As has been well-documented, UConn's offense had an incredibly productive day, with 528 total yards and 13 out of 14 drives running plays in opposing territory, and the defense was making stops pretty consistently until the end. But it seemed as though questionable coaching decisions and mental errors in all three phases cost UConn the game.
But isn't that a better way to lose than by being outclassed and overwhelmed by a team that is clearly more talented?
It should be somewhat refreshing to feel this way after a game compared to worrying if UConn has the talent to be competitive or win a game at all – the way UConn fans were feeling after losses last year.

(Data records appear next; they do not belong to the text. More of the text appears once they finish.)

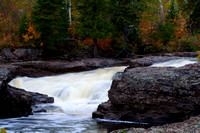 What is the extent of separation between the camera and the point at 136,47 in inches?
1022

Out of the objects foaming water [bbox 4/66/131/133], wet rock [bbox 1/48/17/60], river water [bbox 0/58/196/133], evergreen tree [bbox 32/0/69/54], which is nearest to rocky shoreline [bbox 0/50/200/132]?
river water [bbox 0/58/196/133]

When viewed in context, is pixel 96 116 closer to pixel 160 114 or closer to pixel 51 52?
pixel 160 114

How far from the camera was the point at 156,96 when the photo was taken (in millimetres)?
7785

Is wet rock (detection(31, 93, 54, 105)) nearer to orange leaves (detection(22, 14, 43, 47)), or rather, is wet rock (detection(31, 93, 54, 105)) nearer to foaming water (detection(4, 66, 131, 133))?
foaming water (detection(4, 66, 131, 133))

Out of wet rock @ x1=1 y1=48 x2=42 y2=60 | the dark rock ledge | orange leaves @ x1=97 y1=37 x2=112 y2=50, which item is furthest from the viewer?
orange leaves @ x1=97 y1=37 x2=112 y2=50

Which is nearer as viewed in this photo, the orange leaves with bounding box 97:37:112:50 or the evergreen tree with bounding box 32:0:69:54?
the evergreen tree with bounding box 32:0:69:54

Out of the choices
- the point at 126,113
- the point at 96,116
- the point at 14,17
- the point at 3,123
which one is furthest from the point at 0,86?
the point at 14,17

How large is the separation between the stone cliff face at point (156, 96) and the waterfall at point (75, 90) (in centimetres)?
199

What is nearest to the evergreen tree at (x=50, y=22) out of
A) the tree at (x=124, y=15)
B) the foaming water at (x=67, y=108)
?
the tree at (x=124, y=15)

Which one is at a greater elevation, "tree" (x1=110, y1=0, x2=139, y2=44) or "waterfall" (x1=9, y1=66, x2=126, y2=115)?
"tree" (x1=110, y1=0, x2=139, y2=44)

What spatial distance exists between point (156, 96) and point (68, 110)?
4.22 m

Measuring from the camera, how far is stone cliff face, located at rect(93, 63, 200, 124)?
7.47 metres

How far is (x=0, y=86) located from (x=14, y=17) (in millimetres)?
26539

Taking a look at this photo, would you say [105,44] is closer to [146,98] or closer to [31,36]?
[31,36] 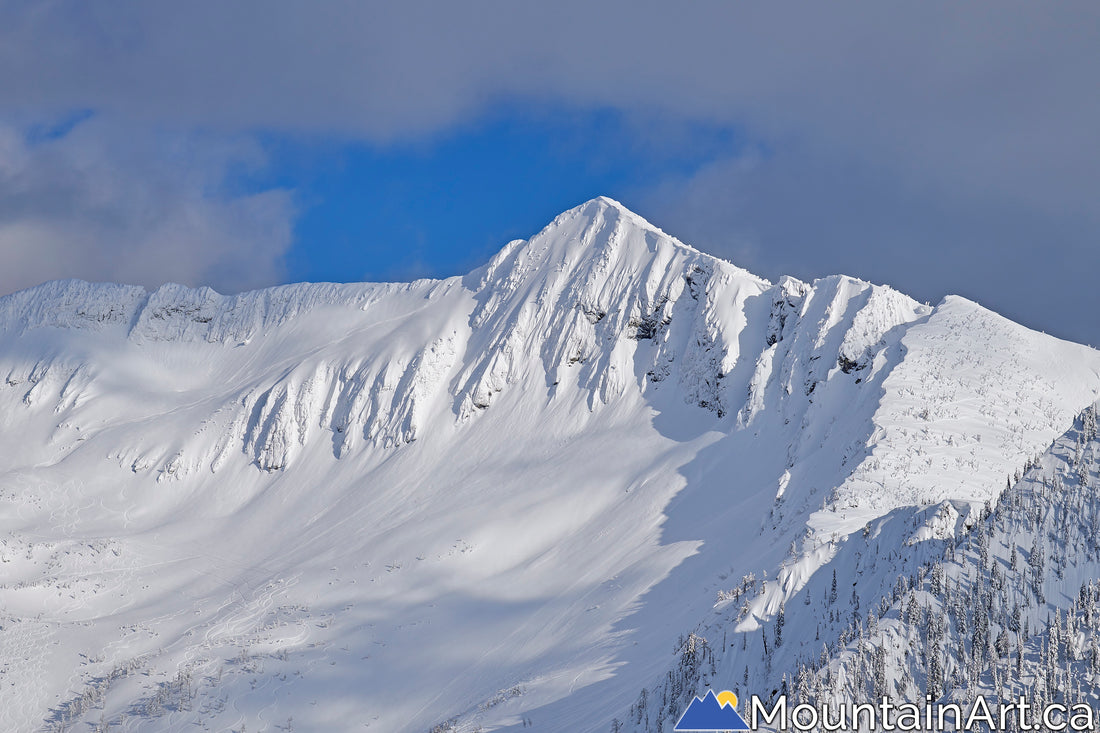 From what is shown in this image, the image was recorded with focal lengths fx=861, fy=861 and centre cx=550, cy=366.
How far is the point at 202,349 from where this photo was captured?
525 feet

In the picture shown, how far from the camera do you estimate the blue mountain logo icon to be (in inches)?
1462

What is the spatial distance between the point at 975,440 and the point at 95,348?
500 ft

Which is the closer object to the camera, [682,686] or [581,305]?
[682,686]

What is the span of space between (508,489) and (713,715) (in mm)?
57274

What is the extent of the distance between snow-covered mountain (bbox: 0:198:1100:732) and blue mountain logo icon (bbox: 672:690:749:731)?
6.42ft

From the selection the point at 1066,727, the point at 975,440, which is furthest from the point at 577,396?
the point at 1066,727

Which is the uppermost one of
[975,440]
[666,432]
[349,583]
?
[666,432]

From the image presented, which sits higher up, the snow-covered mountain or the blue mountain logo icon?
the snow-covered mountain

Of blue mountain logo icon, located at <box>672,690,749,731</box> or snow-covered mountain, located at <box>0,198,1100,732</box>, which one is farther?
snow-covered mountain, located at <box>0,198,1100,732</box>

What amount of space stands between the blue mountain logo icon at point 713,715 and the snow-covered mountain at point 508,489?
1958 mm

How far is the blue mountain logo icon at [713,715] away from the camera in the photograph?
3712 cm

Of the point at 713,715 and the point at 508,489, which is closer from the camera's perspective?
the point at 713,715

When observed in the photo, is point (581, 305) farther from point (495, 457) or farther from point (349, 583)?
point (349, 583)

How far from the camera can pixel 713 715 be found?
38375 mm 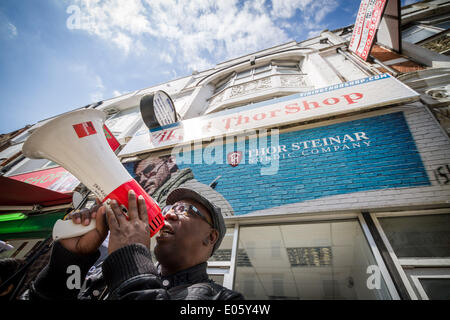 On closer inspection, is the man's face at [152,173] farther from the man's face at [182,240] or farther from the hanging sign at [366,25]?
the hanging sign at [366,25]

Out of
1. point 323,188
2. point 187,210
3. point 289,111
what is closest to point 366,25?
point 289,111

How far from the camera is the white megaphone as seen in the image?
1.25 metres

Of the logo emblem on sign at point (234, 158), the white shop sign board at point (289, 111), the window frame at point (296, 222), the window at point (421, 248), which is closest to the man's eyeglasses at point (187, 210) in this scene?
the window frame at point (296, 222)

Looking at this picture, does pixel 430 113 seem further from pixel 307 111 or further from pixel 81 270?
pixel 81 270

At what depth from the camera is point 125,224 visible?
103 centimetres

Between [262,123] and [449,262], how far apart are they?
3.27 metres

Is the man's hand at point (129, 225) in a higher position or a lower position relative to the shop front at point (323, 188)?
lower

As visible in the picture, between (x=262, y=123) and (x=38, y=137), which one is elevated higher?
(x=262, y=123)

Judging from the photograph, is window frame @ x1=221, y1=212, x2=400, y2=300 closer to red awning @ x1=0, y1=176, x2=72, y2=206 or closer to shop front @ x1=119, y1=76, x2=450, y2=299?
shop front @ x1=119, y1=76, x2=450, y2=299

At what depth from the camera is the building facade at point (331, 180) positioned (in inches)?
87.7

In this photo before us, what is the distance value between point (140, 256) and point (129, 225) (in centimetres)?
20

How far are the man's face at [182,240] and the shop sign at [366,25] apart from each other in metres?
6.33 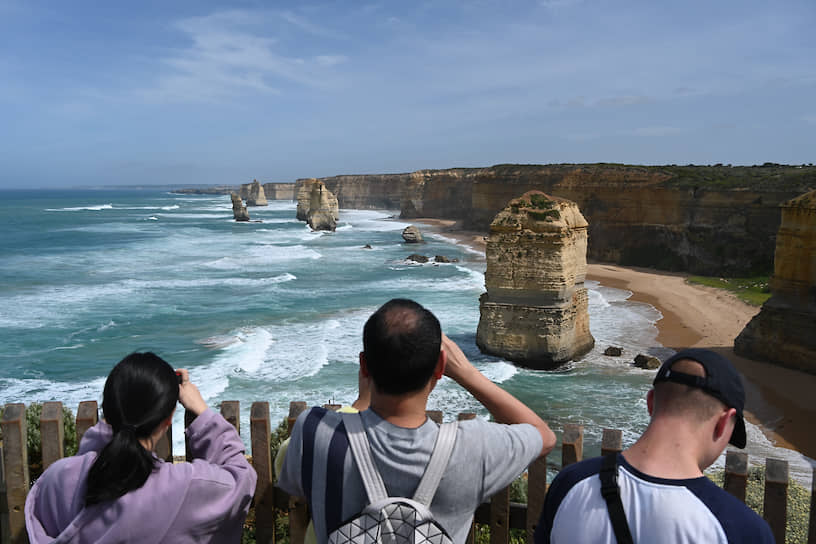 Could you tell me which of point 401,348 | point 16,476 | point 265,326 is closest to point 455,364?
point 401,348

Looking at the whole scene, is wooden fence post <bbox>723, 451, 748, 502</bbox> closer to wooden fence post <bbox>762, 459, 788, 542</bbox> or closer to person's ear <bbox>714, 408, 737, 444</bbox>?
wooden fence post <bbox>762, 459, 788, 542</bbox>

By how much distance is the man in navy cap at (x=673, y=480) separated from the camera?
1733 mm

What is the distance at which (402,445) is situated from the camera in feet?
6.36

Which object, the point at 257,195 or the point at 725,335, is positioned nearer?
the point at 725,335

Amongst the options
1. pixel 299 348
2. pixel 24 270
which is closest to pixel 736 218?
pixel 299 348

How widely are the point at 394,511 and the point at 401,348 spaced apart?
0.53m

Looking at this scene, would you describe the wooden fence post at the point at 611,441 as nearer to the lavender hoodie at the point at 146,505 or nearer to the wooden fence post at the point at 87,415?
the lavender hoodie at the point at 146,505

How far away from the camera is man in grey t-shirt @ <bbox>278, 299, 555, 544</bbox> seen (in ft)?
6.41

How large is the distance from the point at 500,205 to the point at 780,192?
2749 centimetres

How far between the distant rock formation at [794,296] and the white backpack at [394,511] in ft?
58.8

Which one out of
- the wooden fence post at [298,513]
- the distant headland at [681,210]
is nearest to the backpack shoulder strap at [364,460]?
the wooden fence post at [298,513]

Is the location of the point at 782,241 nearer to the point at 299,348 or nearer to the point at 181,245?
the point at 299,348

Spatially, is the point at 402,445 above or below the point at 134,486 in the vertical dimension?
above

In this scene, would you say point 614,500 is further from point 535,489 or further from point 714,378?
point 535,489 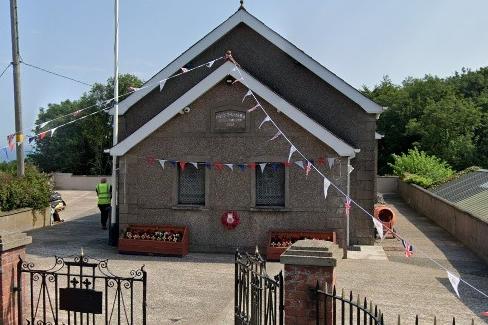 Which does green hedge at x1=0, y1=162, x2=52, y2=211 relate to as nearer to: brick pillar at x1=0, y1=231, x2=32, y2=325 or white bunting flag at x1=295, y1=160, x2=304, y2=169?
white bunting flag at x1=295, y1=160, x2=304, y2=169

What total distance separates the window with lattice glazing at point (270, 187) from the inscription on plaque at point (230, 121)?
4.28 ft

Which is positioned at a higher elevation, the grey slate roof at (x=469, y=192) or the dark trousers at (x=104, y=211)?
the grey slate roof at (x=469, y=192)

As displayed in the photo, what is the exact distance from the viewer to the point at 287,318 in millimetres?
5980

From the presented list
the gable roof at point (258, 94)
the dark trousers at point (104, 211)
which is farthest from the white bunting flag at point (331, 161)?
the dark trousers at point (104, 211)

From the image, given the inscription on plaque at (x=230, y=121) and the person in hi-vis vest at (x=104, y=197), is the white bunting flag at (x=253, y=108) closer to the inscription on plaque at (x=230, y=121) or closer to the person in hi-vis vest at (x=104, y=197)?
the inscription on plaque at (x=230, y=121)

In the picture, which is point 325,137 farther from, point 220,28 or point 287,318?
point 287,318

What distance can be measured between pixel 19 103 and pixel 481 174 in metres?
20.3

UConn's bowl hopes are circling the drain, but this year's team has shown a competitive fire that has me believing that it won't end the season in a tailspin. It would take three wins and at least two upsets in five remaining games, but crazier things have happened.
This weekend's opponent, Cincinnati (4:30 p.m., CBS Sports), has been one of the best teams in the American Athletic Conference's short existence. This year, the Bearcats are right below a crop of three teams currently in the AP Top 25 (Memphis, Houston, Temple), and have three losses to very good teams. This year's team is an offensive juggernaut, with two good quarterbacks and a dangerous trio of receivers Diaco said may be the best receiver group the Huskies face all season.
Diaco also made the first change to the offensive depth chart, as Thomas Lucas was replaced in the No. 2 wide receiver role by "Hergy Mayala OR Tyraiq Beals." Beals being there is no surprise. The true freshman from Orange, New Jersey has been brilliant at times for the Huskies so far. Though Mayala has not necessarily produced as much on the field, he's a mature player, having spent one post-graduate year at Trinity-Pawling in New York. Diaco says he and Beals are on the field because they're better than the rest. In an increased role, Beals and Mayala can help UConn on third downs and in the red zone.
It has been puzzling not to see the offense look to its taller receivers or tight ends in red zone situations. The Huskies occasionally emphasize the tight ends in the offense, but then seem to ignore the position for long stretches of time. Throwing a jump ball to a 6-foot-5-inch receiver should give UConn a better chance of getting the ball in the end zone.
Scoring shouldn't be the issue this Saturday, though. Cincinnati allows 31.8 points per game. The key to this game will be UConn's defense stepping up to the challenge of facing one of the best offenses in the country on the road.
The Huskies' secondary, which had been relatively untested, allowed numerous big plays to USF in the loss. Touchdown passes of 44, 29 and 44 yards helped USF stay ahead and then build a lead late. As was the case against BYU, the Huskies will likely keep up the bend-but-don't-break approach, even against a prolific spread attack. The Huskies will need to find a way to consistently get to the passer, but they should be able to keep the game close, like they did for most of the BYU game. If they can play with greater consistency, maybe it can result in a win.